In this article, you will learn how to:

  • Understand what each row in the model definitions table represents.

  • Create a model definition.

Understanding model definitions

A model definition is the configuration layer that represents a specific combination of scope (what the model operates on), task (what the model does), and model type (the model architecture used). Each row in the table acts as the control layer for models used in a specific task and scope and serves as the container that manages all models trained for that configuration. This approach allows you to retrain, evaluate, and deploy new model versions while maintaining a stable reference for the system.

Each row in the model definitions table represents a model definition associated with a specific layout, and each column displays key information about the model’s configuration, training status, deployment state, and version compatibility.

Column

Description

Notes and examples

Scope

The data or objects the model operates on (for example, a layout or set of fields).

For example, ORCA VLMs extract fields from documents, such as invoices. In this case, the scope of ORCA VLMs is field processing.

Task

The type of problem the model is trained to solve.

For example, the task that ORCA VLMs are performing is field extraction — the task is to extract data (e.g., fields) from documents, based on the layout configuration.

Type

The model family used for this task and scope.

For example, VLM.

Compatibility

Compatibility of the most recently live model for this definition.

  • Orange indicates the current application version.

  • Green indicates one version ahead of the current application version.

  • Blue indicates two versions ahead of the current application version.

Learn more about compatibility in our Model Compatibility Logic article.

State

Shows whether the model is Live or Inactive.

The state is Live when the model is deployed.

The state is Inactive when the model is not deployed

Training status

The status of the current model training.

Training status could be:

  • Candidate trained — training completed successfully.

  • Candidate imported — model was imported from a different instance.

  • Training failed — the model-training process failed. You can view the details by clicking the info button ().

  • Training in progress — model is currently training.

  • Ready to train — model meets all requirements and is ready to be trained.

Date deployed

The timestamp of the last deployment for this model definition.

Displays the date and time when the model was last deployed.

Creating a model definition

This section explains how to create a model definition for ORCA VLM. Learn more about ORCA VLMs in our [v42.3] ORCA (Optical Reasoning and Cognition Agent) VLMs article.

Before you start, ensure that:

  • An ORCA base model is installed.

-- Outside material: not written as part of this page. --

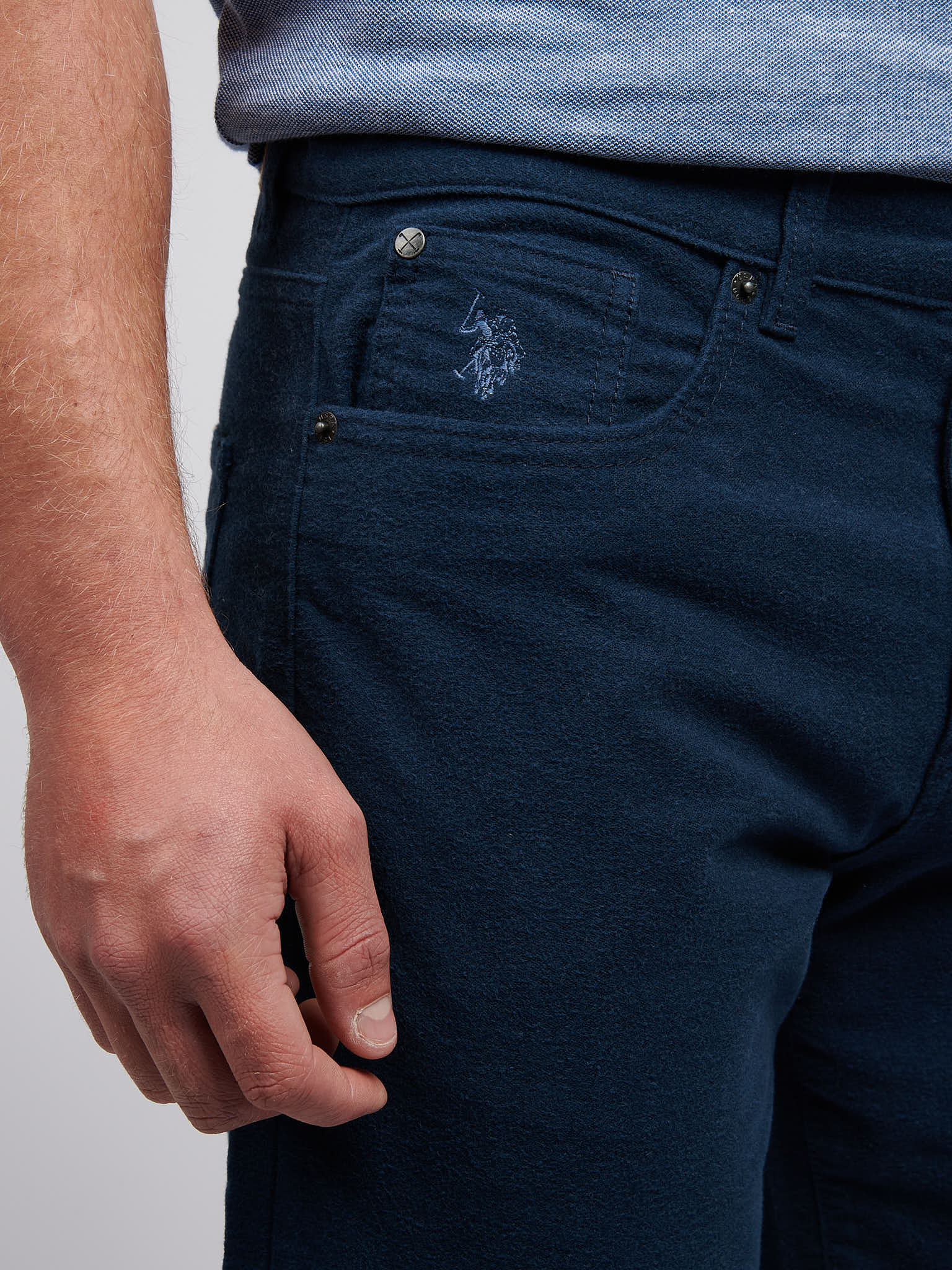 Mens Moleskin 5 Pocket Trouser in Dark Sapphire Navy - Image 2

Follow the process described in [v42.3] Installing ORCA VLMs to install and configure the ORCA base model.

  • The layout you select is Semi-structured and contains at least one field. ORCA VLMs cannot extract data from tables.

  • The latest version of the layout is locked.

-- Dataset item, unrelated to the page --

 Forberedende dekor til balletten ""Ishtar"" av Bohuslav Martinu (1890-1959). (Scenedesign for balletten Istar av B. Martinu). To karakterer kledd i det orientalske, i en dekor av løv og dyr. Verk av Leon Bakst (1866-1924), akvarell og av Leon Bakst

  • The layout is not already linked to another ORCA VLM model definition.

Layouts and model definitions

For ORCA VLMs, each layout can be linked to only one model definition.

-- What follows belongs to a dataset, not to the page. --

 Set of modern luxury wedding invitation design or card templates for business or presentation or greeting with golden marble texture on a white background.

Use the interactive demo below to learn how to create a model definition:

Flows and live models

Each model definition maintains a model history, which contains all models trained or imported for that definition. A model definition can have multiple trained models in its history, but only one model can be Live at a time. The model definition acts as the source of truth for which model is currently used for document processing.

Flows are configured to use a model definition, not a specific model version. When a document is processed, the system automatically selects the model that is currently Live for that definition. If you deploy a new model version, the flow continues to work without any changes. Learn more about ORCA VLM flows in [v42.3] Installing ORCA VLMs.

Next steps

Because ORCA is delivered as a base model, it provides general-purpose extraction capabilities and is not adapted to your specific document types or business requirements. To optimize extraction performance for your use case, you should:

  • Annotate documents specific to your use case.

  • Train a model on top of the ORCA base model. Doing so allows ORCA VLM to learn patterns specific to your use case.

Base model

A foundational model that provides core general-purpose capabilities and is not directly trained on customer-specific examples. Use-case specialization is achieved through additional training on top of the base model using customer-specific data. Currently, Hyperscience uses the ORCA 1.0 base model.

Learn how to train a specialized model in [v42.3] Training a Specialized Model.